AIM OF THE EXERCISE: The line with "Eternal Garden Sand Fox Badge Reel" marks the first line to copy, and the line with "Starry Night Cutie" marks the last. Transcribe that stretch of the data below exactly, without pictures.

RECORDS PROVIDED:
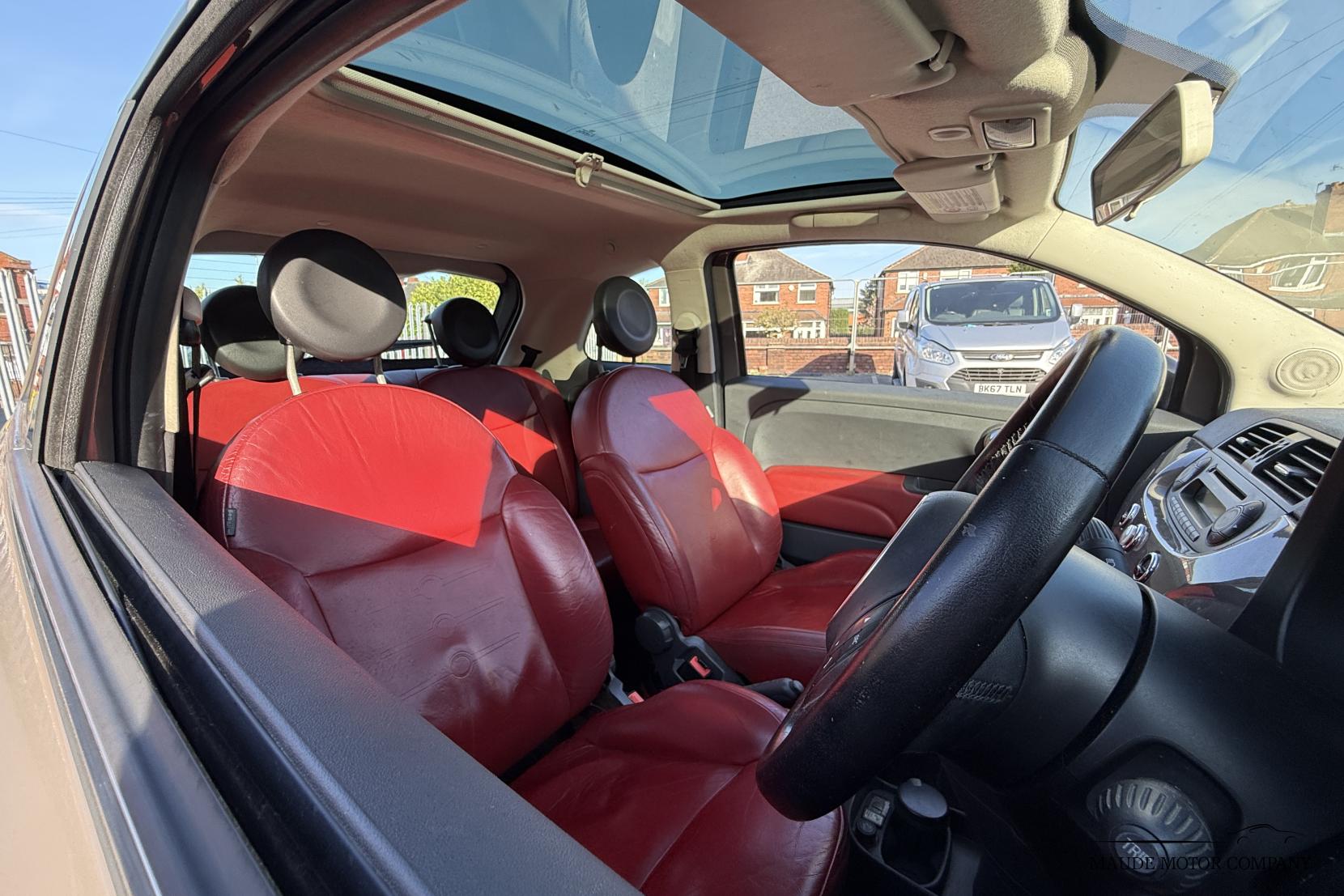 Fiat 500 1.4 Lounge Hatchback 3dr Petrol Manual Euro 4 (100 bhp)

==

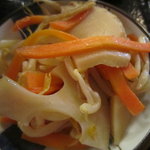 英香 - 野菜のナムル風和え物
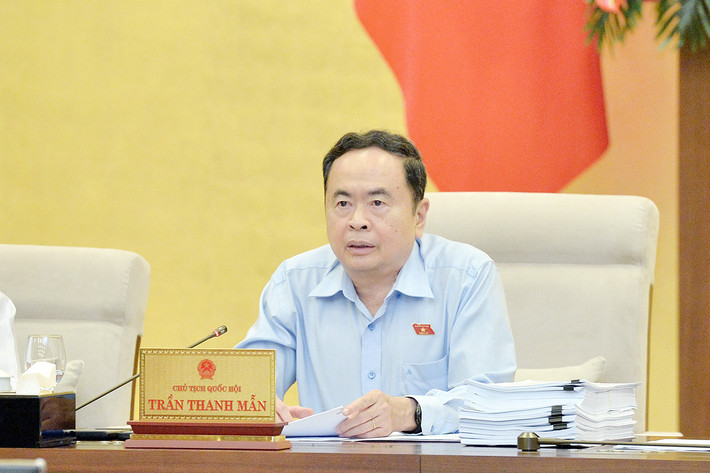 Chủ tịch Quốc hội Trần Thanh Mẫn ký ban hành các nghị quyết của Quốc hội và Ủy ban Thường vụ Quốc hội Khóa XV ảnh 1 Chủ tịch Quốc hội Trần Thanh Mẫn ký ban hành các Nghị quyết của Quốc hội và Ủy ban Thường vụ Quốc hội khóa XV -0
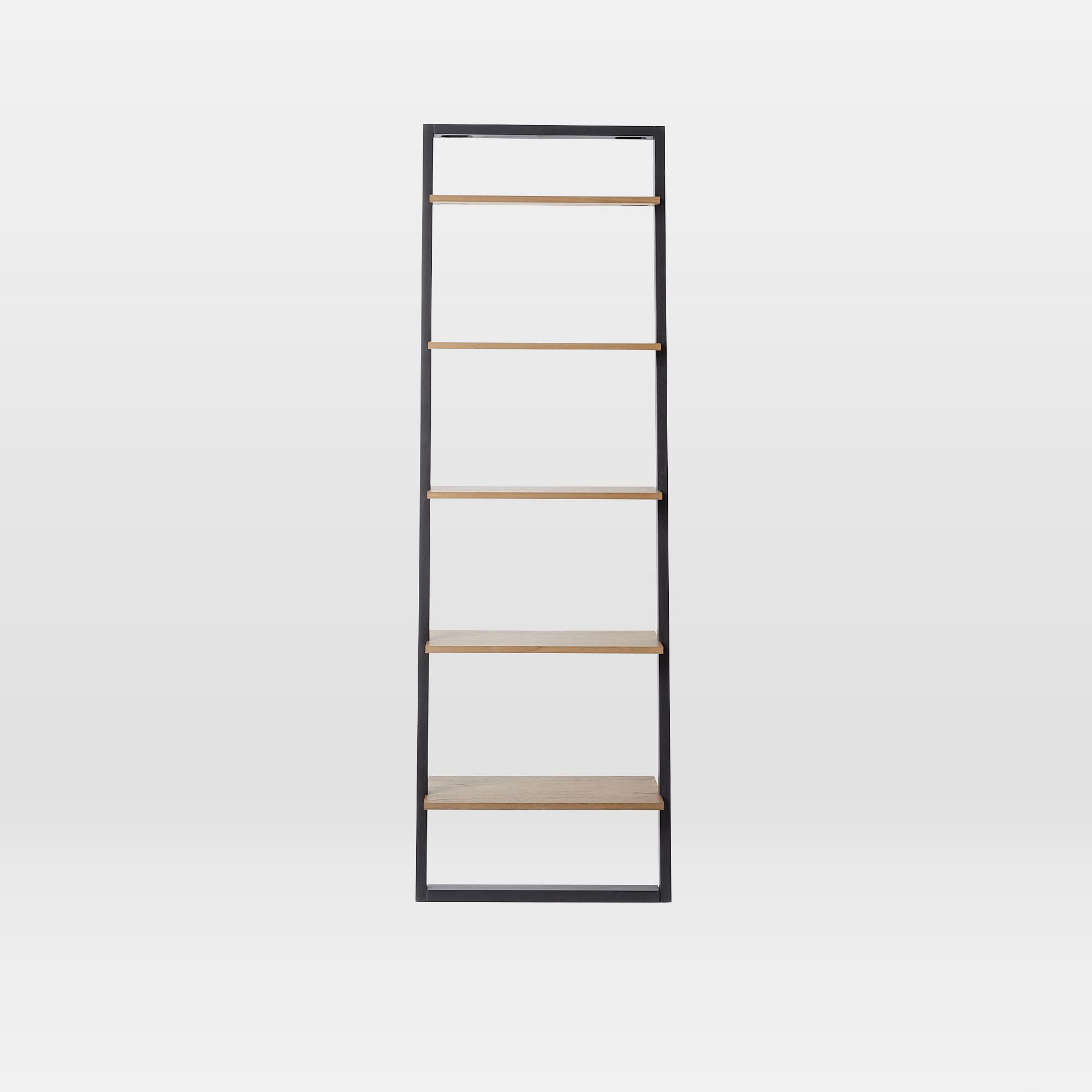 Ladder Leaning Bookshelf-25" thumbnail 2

==

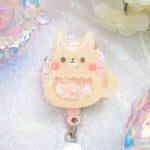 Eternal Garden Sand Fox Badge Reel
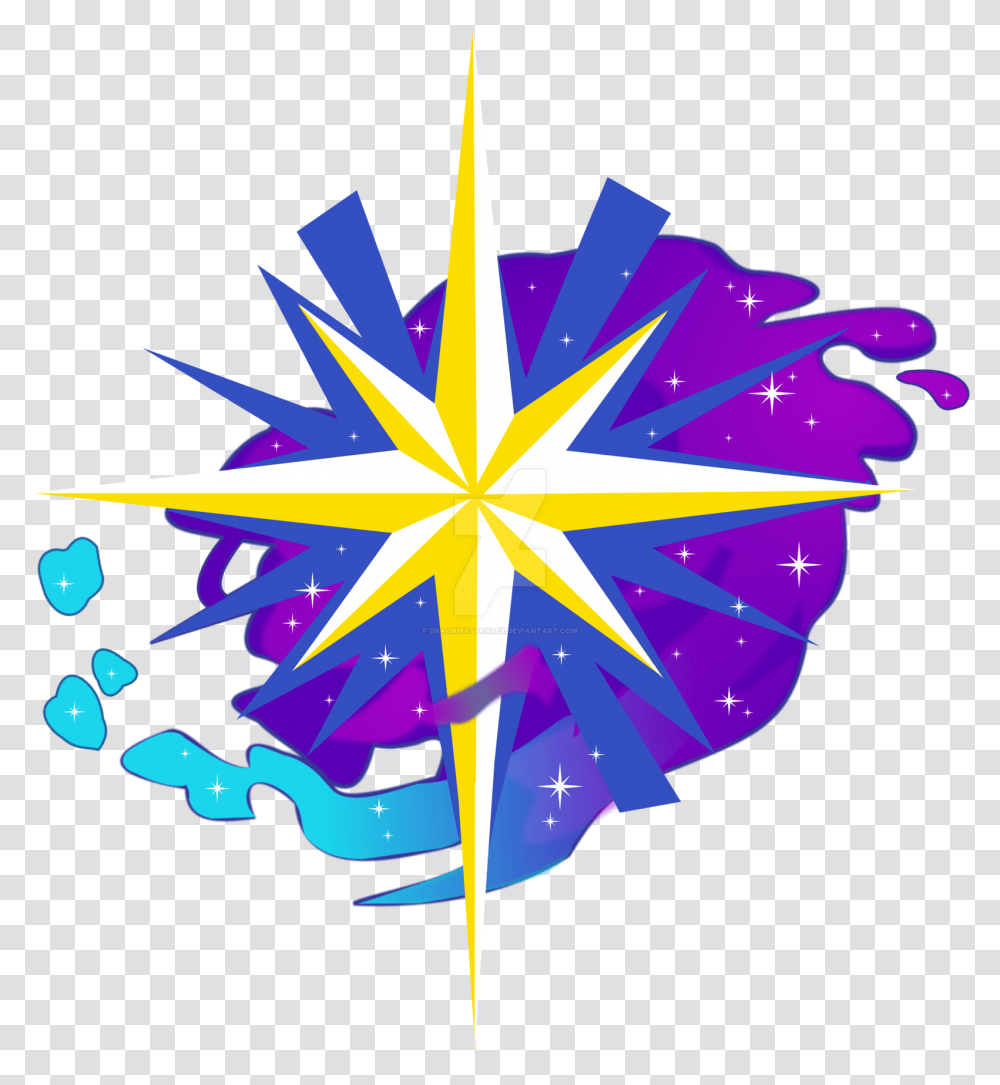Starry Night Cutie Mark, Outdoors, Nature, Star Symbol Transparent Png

ANSWER:
 Eternal Garden Sand Fox Badge Reel
Starry Night Cutie Mark, Outdoors, Nature, Star Symbol Transparent Png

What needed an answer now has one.